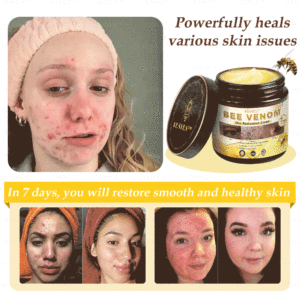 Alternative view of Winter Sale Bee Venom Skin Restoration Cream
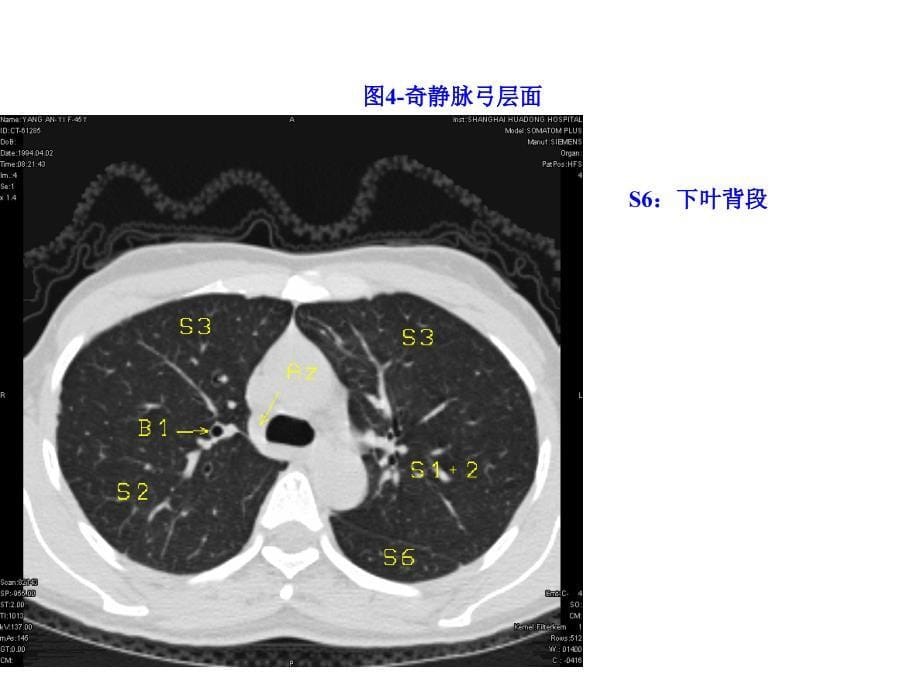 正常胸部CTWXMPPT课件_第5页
- - - -
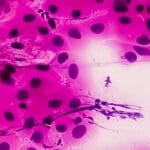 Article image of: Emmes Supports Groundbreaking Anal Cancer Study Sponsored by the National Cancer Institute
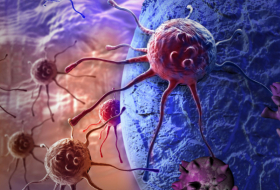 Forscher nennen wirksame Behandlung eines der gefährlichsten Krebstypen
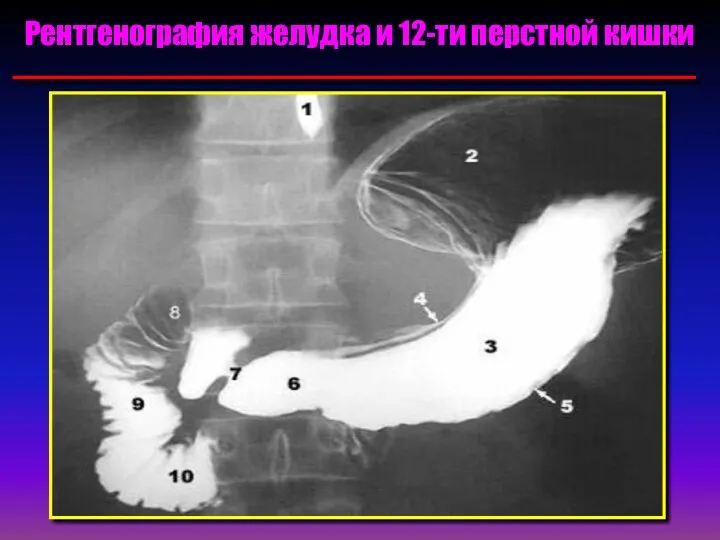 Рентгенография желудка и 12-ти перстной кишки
- - - -
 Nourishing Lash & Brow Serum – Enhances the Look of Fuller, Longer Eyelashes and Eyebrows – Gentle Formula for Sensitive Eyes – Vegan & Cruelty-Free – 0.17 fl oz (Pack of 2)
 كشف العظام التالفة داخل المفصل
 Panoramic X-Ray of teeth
- - - -
**TASK TO CARRY OUT:** For the entries above, print exactly the lines between the one with "Article image of: Emmes" and the one with "Рентгенография желудка и", inclusive, with no pictures.

**WRITTEN RESPONSE:**
 Article image of: Emmes Supports Groundbreaking Anal Cancer Study Sponsored by the National Cancer Institute
 Forscher nennen wirksame Behandlung eines der gefährlichsten Krebstypen
 Рентгенография желудка и 12-ти перстной кишки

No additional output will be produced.